2. Missing or erroneous data. Does your system contain individuals with invalid CPF or RG numbers? Was a complaints file found without a phone number? If these errors are ignored, they can have a negative impact on fraud analysis results. Tools like Data Quality can help you identify, repair, and replace data that is missing or erroneous in your system. During this phase, it is also useful to standardize formats for common fields such as addresses.
3. Decipher information. Once data is aggregated across more systems, it is important to identify whether the same individuals, companies, and other organizations exist in multiple locations. One system might identify name and security code, while another might identify name and date of birth. Simple techniques, present in organizations, can be used to link this data and identify them as the same individual, but the best results are found when Advanced Analytics technologies are used to determine the probability of a hit.

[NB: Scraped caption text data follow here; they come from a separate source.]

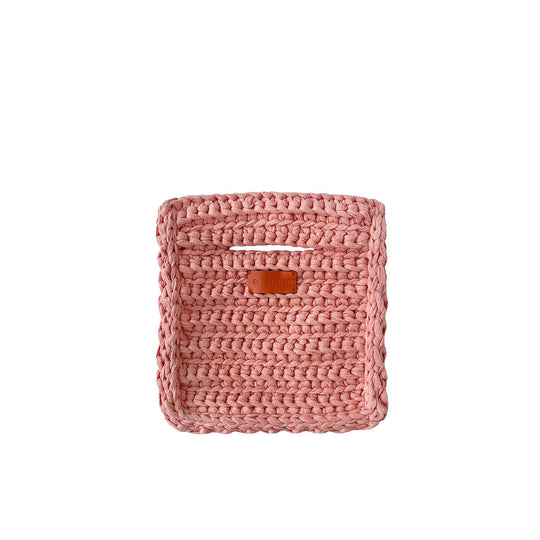 Lia Mini Box Tote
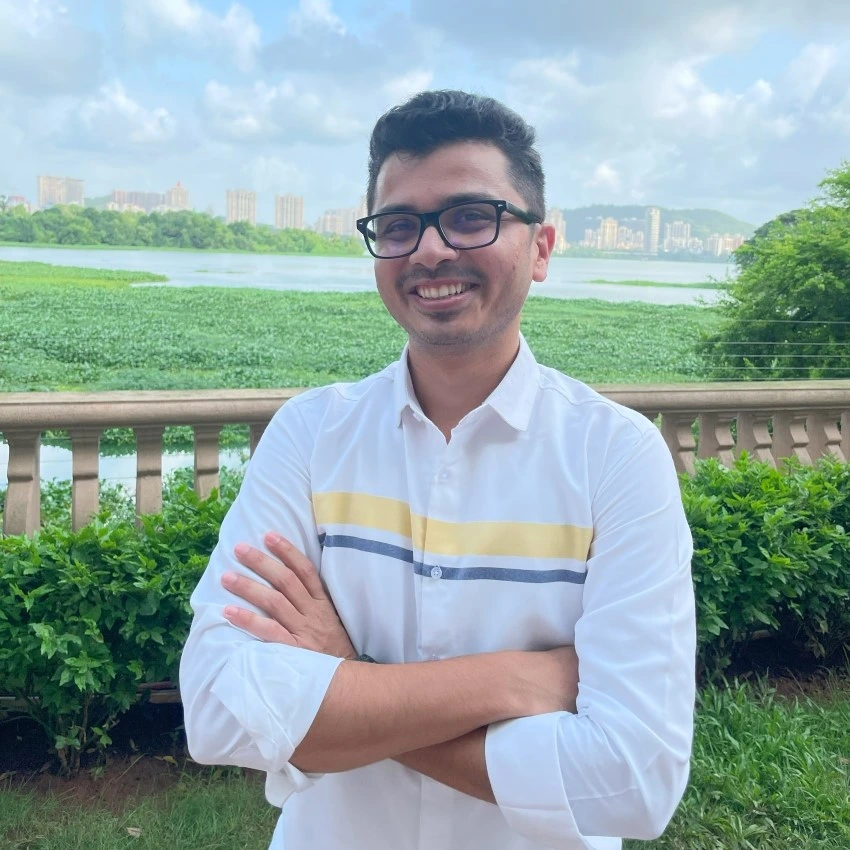 Rutvij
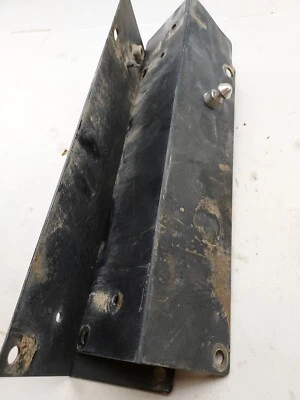 $15.99 • Buy 2007 Yamaha Rhino 660 Seat Support Brackets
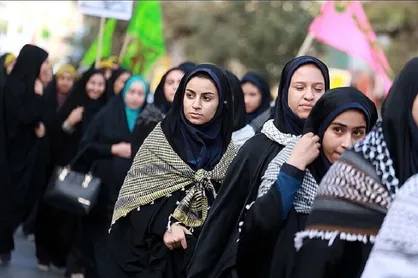 اعزام دانشجویان کهگیلویه و بویراحمدی به راهیان نور شمال&zwnj;غرب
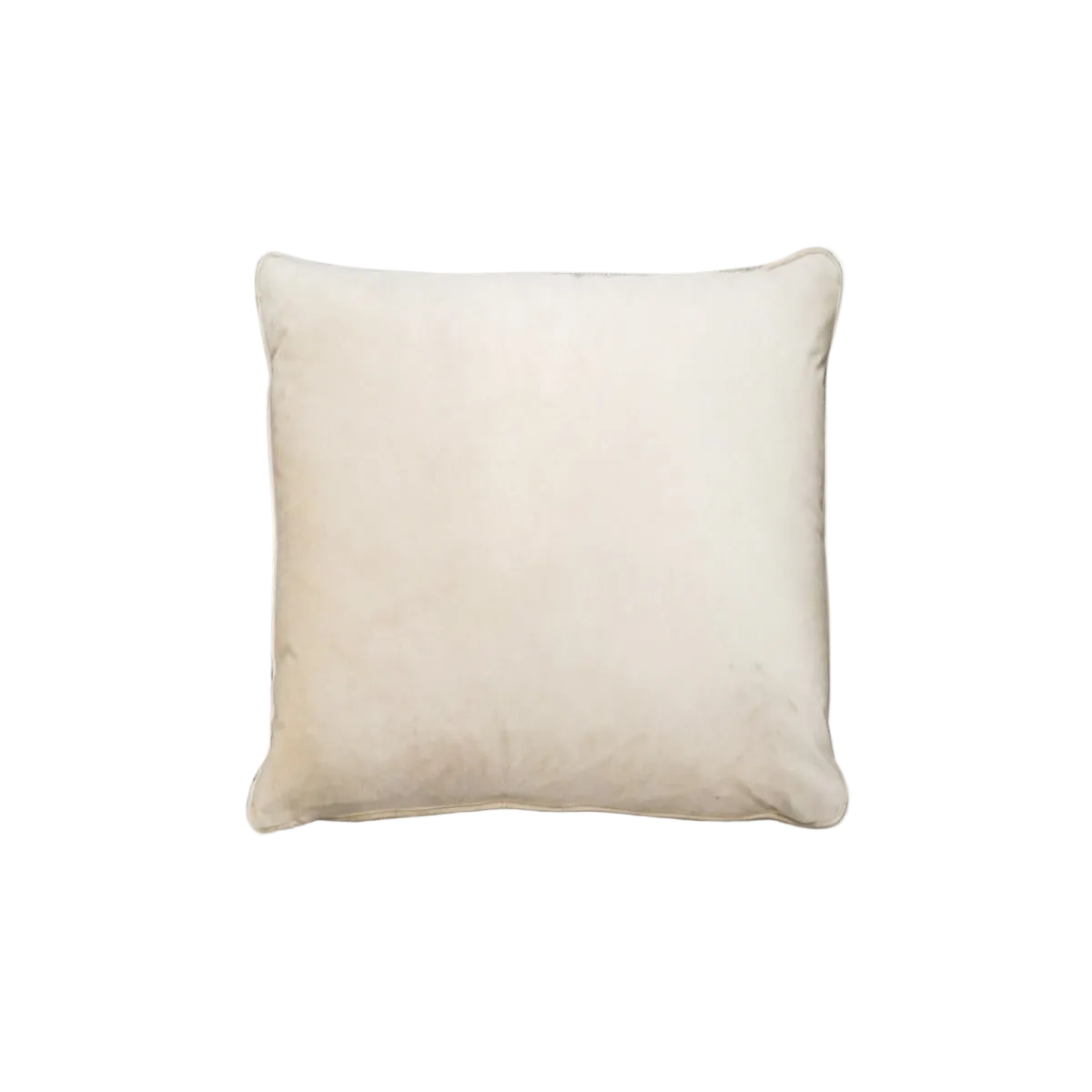 Cocoa Cushion Feather Insert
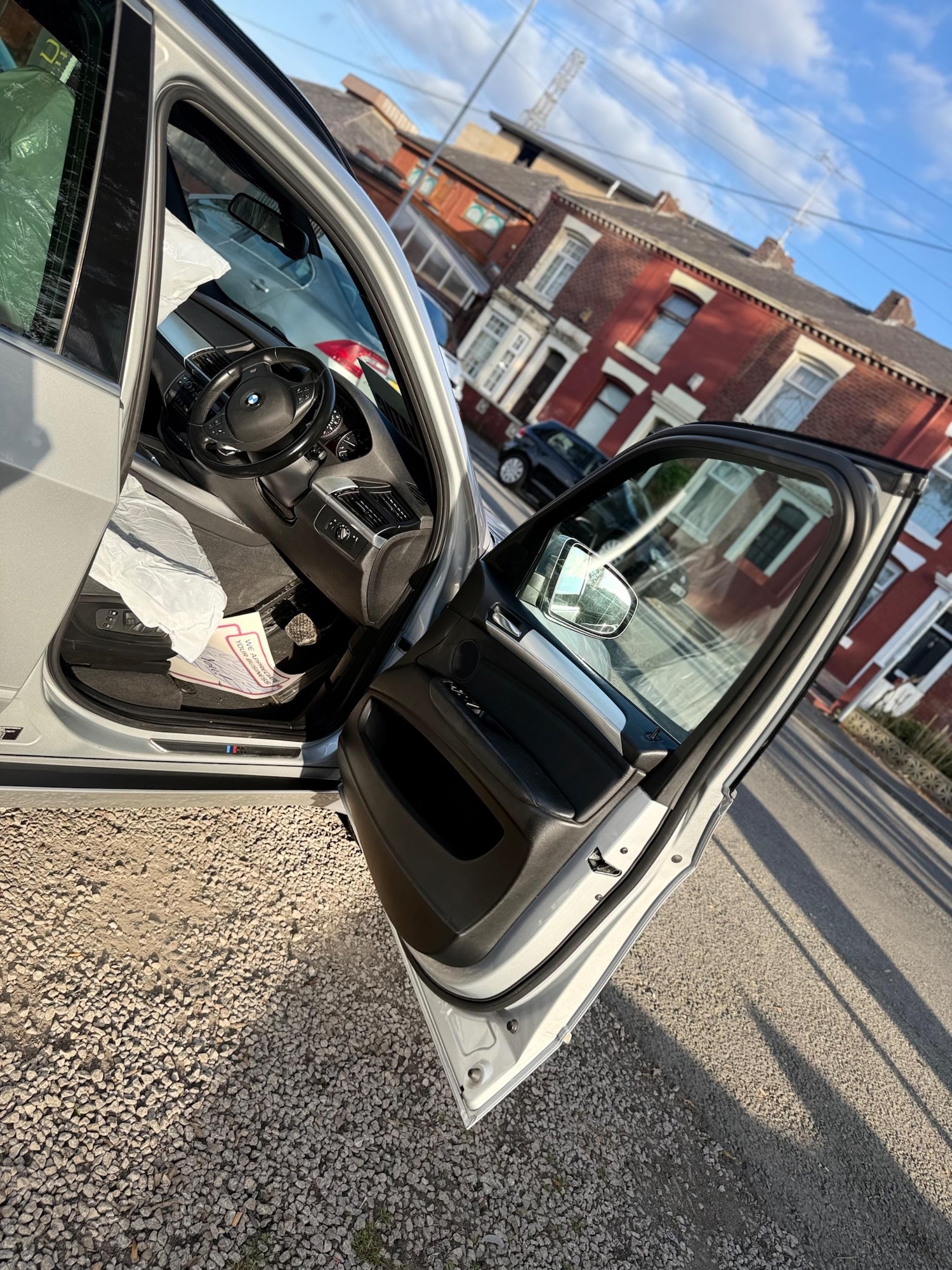 Vehicle 38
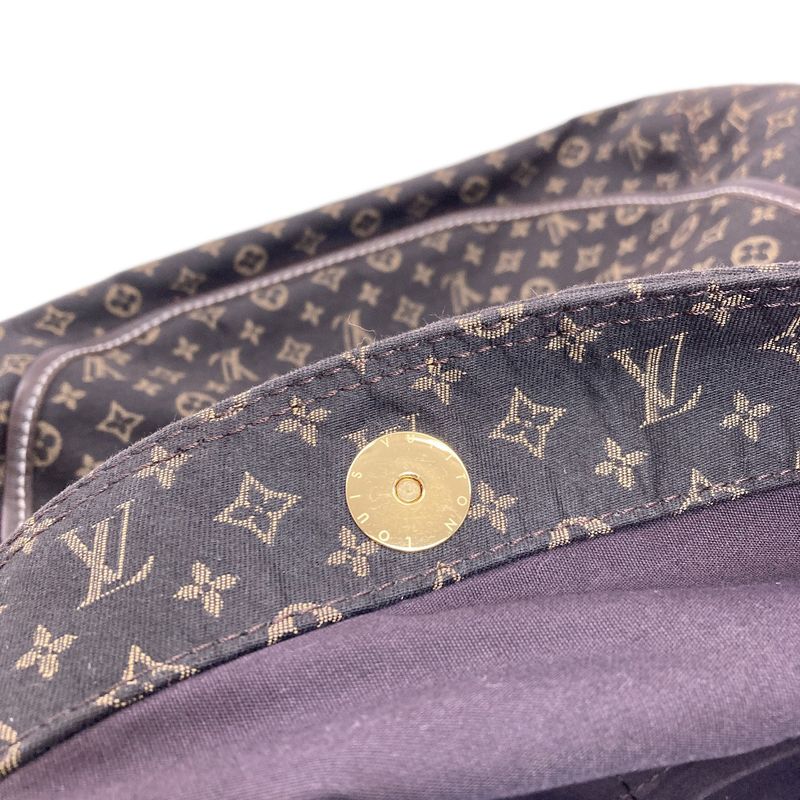 Louis Vuitton Romance Monogram Idylle Shoulder Bag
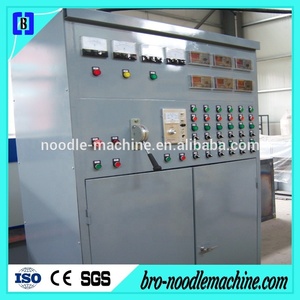 Dây Chuyền Sản Xuất Thực Phẩm Ăn Nhẹ Thiết Kế Chuyên Nghiệp Máy Làm Mì Ăn Liền Maggi Chiên - Product Image 6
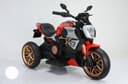 Продаётся детский электромотоцикл Ducati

4. Process unstructured texts. More than 80% of insurance data is stored in text format. Some of the best information about claims files is captured in the loss description or claim note fields. But dealing with data is not so simple. Abbreviations, acronyms, industry jargon and misspellings are common and need to be identified by text solutions that contain a vocabulary specially designed for insurance data. During text analysis, additional models of variables can be created. This is a powerful way to expand the reach of fraud analysis without having to include external data sources. Machine Learning and Natural-Language Processing techniques should be used to find and create useful variables for fraud analysis models.
Effective data management is essential for any Fraud Analytics implementation. The investment made in the data cleaning process will result in better fraud detection rates.